After the sudden death of my grandmother, my grandfather left his family temporarily to work in the mines on the south-west coast of Tasmania. I never met him. He once told my mother he would ‘run over you myself’ if she stood in front of bulldozers in protest against the construction of the major and controversial dam project, the Gordon-below-the-Franklin Dam. The dam would flood a world heritage listed rainforest in the south-west and after ongoing protests and legal challenges, it was announced that the dam would not be allowed to proceed.
Shortly after, a 2500-year-old Huon Pine, known as the Lea Tree, was vandalized by pro-dam interests. A symbol for the conservationists, the tree was chainsawed, holes were drilled into it to pour oil into its roots and finally, it was set on fire. The trunk was scrawled with the words ‘FUCK YOU GREEN CUNTS’ before the perpetrators photographed themselves in front of the still-burning tree. The resulting photograph was then sent to one of the conservation organisations.

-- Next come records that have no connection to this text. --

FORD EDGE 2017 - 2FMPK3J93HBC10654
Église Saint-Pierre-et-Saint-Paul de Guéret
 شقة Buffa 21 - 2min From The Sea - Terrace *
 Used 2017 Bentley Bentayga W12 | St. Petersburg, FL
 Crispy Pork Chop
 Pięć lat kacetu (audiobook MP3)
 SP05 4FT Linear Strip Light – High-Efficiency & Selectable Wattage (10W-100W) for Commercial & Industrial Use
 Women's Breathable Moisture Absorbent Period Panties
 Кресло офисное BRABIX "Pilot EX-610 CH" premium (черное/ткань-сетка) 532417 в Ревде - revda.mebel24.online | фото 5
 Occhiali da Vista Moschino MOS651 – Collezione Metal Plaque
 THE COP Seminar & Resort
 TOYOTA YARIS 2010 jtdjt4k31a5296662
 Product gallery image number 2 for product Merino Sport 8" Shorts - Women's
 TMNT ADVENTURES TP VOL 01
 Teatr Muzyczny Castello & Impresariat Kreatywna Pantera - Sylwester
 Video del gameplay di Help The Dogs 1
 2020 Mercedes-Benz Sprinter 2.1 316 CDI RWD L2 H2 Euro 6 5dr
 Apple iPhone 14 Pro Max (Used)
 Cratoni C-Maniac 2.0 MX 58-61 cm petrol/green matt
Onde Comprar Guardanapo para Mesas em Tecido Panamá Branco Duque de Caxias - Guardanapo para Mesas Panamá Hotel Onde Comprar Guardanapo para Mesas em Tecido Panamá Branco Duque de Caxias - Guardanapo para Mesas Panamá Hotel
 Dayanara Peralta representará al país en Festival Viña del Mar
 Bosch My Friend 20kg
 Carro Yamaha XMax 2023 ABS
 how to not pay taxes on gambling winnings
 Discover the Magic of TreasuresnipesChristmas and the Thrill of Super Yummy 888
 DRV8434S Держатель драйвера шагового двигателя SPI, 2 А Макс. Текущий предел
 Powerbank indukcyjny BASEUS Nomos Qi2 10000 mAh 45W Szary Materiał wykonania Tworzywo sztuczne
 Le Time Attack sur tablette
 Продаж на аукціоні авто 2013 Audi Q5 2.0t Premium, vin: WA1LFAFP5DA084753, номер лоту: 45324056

Huon is inspired by the conflicts we come into with one another over protecting or exploiting the natural world. The tensions that underpin these apparent dichotomies are not black and white but instead coloured by traditions, livelihoods and community. Reinforced by notions of how we want to live and the means by which we can, this work traces the marks we leave on the earth, ourselves and each other.